• Excerpted data
^^^^
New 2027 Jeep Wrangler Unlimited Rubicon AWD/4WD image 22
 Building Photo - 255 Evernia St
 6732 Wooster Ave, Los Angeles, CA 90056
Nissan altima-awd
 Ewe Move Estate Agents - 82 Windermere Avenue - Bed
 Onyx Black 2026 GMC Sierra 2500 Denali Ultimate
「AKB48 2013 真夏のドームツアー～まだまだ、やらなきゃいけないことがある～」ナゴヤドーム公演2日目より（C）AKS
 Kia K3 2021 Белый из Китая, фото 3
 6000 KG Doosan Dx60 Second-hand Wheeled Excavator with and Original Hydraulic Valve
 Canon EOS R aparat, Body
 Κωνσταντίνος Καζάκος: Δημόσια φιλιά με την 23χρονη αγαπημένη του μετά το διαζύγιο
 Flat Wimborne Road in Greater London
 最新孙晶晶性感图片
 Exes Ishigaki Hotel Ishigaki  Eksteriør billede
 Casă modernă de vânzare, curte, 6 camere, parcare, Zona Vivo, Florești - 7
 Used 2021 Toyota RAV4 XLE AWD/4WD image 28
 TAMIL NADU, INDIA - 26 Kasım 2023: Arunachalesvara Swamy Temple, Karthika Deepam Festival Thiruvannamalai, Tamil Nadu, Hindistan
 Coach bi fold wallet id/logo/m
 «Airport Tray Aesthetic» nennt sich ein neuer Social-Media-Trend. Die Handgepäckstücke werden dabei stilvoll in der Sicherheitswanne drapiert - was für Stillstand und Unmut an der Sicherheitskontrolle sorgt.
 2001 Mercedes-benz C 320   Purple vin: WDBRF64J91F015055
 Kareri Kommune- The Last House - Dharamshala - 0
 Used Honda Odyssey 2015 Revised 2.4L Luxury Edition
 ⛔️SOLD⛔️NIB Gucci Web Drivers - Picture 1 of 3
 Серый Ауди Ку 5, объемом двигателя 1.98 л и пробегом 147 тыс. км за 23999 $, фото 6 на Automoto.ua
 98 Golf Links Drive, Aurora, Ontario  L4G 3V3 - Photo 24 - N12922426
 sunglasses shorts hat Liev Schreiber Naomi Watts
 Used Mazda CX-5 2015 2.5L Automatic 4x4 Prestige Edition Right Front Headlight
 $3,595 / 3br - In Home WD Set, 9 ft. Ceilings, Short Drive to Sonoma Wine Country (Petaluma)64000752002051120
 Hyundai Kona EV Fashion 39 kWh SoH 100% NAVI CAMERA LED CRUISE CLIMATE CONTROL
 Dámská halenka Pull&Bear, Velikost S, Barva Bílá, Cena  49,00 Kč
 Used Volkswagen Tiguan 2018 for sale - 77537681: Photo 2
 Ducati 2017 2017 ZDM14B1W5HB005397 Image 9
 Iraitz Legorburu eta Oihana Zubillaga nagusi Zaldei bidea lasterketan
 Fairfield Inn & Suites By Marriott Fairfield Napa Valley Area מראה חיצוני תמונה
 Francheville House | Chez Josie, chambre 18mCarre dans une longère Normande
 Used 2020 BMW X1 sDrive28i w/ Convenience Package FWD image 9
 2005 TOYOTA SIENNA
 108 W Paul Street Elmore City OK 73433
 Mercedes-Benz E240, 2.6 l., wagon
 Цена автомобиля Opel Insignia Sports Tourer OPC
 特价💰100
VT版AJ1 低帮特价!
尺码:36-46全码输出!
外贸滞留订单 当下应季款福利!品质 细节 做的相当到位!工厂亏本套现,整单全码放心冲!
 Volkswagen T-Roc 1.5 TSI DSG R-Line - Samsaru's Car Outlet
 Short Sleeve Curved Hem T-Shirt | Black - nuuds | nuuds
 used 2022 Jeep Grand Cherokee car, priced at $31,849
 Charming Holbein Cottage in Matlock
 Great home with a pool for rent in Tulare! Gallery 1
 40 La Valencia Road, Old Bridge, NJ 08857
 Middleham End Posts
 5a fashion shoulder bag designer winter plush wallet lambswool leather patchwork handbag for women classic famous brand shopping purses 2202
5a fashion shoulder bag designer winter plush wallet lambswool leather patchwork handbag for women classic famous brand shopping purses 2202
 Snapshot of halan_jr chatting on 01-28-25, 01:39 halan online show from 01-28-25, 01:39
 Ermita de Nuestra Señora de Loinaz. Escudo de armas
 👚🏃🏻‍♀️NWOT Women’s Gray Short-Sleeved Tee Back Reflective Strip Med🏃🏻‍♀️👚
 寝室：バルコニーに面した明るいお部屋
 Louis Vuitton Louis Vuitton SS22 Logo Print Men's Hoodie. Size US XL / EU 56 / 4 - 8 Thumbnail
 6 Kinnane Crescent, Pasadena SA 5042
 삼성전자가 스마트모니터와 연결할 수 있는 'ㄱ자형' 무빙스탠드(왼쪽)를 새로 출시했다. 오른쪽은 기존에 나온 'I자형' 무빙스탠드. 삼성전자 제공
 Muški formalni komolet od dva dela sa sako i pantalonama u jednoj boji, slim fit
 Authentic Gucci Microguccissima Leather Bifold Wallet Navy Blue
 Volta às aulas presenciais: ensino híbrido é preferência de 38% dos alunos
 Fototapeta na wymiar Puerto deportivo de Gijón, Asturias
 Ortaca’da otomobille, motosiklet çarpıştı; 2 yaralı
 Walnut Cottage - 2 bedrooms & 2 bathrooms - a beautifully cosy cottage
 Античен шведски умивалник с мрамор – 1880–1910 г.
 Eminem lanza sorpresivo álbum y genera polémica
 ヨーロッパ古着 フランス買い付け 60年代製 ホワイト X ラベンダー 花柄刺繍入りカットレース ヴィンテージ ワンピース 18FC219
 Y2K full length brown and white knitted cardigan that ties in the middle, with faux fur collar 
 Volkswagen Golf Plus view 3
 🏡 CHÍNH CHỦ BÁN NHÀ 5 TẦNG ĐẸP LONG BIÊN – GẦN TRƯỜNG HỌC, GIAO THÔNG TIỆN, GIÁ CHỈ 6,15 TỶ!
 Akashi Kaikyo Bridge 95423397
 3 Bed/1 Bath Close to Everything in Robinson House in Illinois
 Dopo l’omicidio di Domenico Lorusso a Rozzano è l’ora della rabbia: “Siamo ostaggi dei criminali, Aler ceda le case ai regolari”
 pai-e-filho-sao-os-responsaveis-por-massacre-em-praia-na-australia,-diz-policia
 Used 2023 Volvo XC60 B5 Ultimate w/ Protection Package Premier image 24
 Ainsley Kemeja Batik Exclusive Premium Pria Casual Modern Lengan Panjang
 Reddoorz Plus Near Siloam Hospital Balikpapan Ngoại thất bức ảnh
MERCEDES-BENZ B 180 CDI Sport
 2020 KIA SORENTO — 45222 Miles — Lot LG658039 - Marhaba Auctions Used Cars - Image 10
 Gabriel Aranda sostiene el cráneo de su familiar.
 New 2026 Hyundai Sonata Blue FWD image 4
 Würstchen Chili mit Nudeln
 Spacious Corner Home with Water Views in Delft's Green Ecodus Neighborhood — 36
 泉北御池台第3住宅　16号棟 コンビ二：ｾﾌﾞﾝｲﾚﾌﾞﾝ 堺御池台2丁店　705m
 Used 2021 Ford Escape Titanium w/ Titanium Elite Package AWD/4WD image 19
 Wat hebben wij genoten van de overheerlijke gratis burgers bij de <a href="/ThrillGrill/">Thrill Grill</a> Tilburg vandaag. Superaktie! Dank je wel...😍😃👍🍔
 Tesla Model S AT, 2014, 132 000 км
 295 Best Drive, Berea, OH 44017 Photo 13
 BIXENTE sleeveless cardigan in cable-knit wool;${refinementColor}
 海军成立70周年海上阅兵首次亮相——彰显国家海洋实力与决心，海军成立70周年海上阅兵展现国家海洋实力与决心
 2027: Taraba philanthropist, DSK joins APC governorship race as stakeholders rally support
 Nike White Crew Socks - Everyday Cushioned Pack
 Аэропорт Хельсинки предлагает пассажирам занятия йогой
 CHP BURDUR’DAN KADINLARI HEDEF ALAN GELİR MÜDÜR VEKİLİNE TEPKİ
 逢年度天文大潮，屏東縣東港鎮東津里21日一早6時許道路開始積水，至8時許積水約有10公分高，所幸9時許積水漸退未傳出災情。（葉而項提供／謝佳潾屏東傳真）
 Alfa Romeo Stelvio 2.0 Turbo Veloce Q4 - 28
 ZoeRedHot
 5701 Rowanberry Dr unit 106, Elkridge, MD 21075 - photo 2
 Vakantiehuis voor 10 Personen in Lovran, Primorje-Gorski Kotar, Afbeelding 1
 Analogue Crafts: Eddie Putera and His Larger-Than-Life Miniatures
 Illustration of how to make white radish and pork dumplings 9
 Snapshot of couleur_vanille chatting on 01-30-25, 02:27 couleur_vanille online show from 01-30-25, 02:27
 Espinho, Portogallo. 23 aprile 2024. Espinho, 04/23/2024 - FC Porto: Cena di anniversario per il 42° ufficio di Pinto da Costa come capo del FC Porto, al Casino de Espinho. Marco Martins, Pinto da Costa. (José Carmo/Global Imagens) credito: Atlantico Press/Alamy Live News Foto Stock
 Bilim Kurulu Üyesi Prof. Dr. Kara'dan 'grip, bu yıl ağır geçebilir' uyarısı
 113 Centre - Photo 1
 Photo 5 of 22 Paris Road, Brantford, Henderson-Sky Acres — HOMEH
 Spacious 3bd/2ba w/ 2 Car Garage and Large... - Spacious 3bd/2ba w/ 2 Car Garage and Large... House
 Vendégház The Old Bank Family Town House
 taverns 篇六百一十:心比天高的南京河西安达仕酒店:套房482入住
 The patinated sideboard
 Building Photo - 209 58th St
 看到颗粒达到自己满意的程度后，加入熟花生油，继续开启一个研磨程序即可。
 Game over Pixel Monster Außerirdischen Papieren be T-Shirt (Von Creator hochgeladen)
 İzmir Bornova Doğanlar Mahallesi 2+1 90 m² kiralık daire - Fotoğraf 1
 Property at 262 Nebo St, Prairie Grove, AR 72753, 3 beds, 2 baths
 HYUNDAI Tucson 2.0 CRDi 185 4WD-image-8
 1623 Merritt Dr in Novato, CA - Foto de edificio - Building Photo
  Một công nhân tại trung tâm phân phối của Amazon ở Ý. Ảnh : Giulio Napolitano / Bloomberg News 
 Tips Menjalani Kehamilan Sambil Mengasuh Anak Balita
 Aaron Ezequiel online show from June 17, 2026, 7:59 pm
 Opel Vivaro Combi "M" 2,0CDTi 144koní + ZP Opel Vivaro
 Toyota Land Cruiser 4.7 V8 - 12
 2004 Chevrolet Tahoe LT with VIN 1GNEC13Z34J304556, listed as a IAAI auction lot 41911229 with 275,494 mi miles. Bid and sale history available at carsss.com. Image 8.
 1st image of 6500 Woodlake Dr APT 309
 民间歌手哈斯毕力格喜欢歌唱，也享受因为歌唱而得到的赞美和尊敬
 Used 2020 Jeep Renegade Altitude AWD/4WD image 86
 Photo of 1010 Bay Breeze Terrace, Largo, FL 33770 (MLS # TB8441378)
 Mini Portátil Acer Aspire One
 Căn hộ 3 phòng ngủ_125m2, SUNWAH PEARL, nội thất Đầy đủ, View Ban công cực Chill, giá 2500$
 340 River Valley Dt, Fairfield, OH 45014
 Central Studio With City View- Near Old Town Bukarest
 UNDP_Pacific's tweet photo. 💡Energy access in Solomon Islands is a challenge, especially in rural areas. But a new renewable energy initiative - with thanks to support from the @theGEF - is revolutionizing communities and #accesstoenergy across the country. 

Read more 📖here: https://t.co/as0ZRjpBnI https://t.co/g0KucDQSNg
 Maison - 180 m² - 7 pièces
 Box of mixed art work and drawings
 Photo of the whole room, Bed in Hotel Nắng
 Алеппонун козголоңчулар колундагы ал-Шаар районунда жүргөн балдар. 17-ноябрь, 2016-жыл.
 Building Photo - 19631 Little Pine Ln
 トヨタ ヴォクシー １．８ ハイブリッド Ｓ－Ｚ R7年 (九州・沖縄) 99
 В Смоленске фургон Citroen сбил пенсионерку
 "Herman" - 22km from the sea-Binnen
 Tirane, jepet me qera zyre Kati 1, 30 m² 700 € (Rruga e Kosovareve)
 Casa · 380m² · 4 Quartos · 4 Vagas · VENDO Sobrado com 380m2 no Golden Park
^^^^
Wherever the string "show" appears in a line above, copy that line.

• Written response
 Snapshot of halan_jr chatting on 01-28-25, 01:39 halan online show from 01-28-25, 01:39
 Snapshot of couleur_vanille chatting on 01-30-25, 02:27 couleur_vanille online show from 01-30-25, 02:27
 Aaron Ezequiel online show from June 17, 2026, 7:59 pm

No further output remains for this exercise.